Early voting skepticism causes headaches for GOP heading into 2024
Republican leaders are urging their base to take a less skeptical stance on early and mail-in voting after the party suffered significant losses in the midterms through heavily relying on in-person voting on Election Day.
The GOP’s latest message on the matter marks a change in tone for the party, which was heavily influenced by former President Trump stoking skepticism about early and mail-in voting in 2020. Trump’s message played a role in costing Republicans the Senate in Georgia in 2020 and also impacted their Senate loss in the state two years later.
However, the party will have work to do to convince its base to accept the voting practices. According to a study from Pew Research conducted last year, 62 percent of Republicans said voters should only be allowed to vote early or absentee if they have a documented reason.
A number of prominent Republicans have spoken out about the party’s pitfalls when it comes to early voting, including Republican National Committee Chairwoman Ronna McDaniel.
“While the RNC invested millions of dollars in trying to persuade voters to vote early, our ecosystem must expand our voter turnout window, change the narrative on early voting, and examine the impact of absentee ballot and early vote chasing in states like Florida and North Carolina, as well as ballot harvesting in California, as a model for the rest of the country,” McDaniel wrote in a Fox News op-ed earlier this month.

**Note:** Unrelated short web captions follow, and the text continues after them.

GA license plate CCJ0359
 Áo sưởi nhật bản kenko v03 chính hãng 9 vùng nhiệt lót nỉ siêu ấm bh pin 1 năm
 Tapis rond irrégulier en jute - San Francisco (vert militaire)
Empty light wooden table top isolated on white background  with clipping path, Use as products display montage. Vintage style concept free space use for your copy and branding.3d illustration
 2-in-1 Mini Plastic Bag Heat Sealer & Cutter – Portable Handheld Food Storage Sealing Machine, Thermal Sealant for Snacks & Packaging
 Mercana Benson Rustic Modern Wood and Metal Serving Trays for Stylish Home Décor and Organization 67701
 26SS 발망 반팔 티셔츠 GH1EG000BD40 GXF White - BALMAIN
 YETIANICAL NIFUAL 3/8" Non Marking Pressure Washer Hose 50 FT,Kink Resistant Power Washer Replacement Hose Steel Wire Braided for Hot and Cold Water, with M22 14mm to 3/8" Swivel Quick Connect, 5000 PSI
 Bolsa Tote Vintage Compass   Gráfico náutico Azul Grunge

Republicans have pointed to their losses in Pennsylvania, Arizona, Georgia and Nevada, the four most competitive Senate races of the cycle, as evidence that they need to revamp their early vote strategy.
Georgia saw record early vote numbers in its Senate runoff earlier this month. According to state elections data, more than 1.8 million voted early in person or absentee.
Republican strategist Ford O’Connell called for Republicans to embrace an “urban election strategy,” in an effort to appeal to voters in metropolitan areas that often make up the majority of a state’s population. Pennsylvania, Arizona, Georgia and Nevada are all home to population centers that Democrats heavily targeted this past election cycle.
“We have to start fighting and playing the game the way Democrats do,” O’Connell said in an interview with The Hill. “The Republicans are going to be hard-pressed to win the White House in 2024 if they don’t pick up Georgia and Arizona.”
“In a lot of ways, someone could argue that Georgia and Arizona for Republicans are the new Florida and Ohio,” he added, referencing the states’ must-win status.
In her Fox News op-ed, McDaniel argued that an early vote strategy stands to benefit Republicans with turnout in rural areas as well.
“Our party must also address the lack of early vote days for rural Americans and work to ensure that we are adequately chasing ballots, whether early, by mail, or on election day,” McDaniel wrote.
But this likely won’t be an easy task for the party, given GOP voters’ skepticism over the process that was exacerbated by Trump — who has voted by mail himself — over the 2020 elections.
“It is going to take time and some hard lessons until we get back to where we were,” said Brian Seitchik, an Arizona-based GOP strategist and Trump campaign alum. “I don’t think there’s a secret sauce of messaging on this. I think we’re just going to have to do this the old-fashioned way, and that’s door-to-door.”
Republicans acknowledge that the effort to get their base to trust early and absentee voting again will likely take multiple election cycles.
“It starts with a structure and the RNC and state parties realizing that they have to do better with this, and that is happening,” said former RNC spokesman Doug Heye. “Now that has to happen in 50 states; it can’t just happen in three.”
However, there are still efforts in Arizona in which GOP figures, including Republican gubernatorial candidate Kari Lake, are challenging the election results, citing allegations like the claim that many mail ballots with mismatched signatures were tabulated anyway.
“That’s the problem and that’s why it takes 50 states,” Heye said. “If Arizona continues down this road, well, that affects potential Senate races, as it did this time, and House races and gubernatorial candidates.”
“That has an impact on that state and that has an impact nationally, “ he added.
Other Republicans argued that a greater reliance on early voting would ease stresses about potential Election Day issues, including tabulator malfunctions.
“If you bank votes early, you don’t have to worry about tabulator malfunctions and people waiting in long lines on Election Day,” O’Connell said. “There are a lot of ways that we can gripe about the rules but the fact of the matter is until the rules are changed, these are the rules we have.”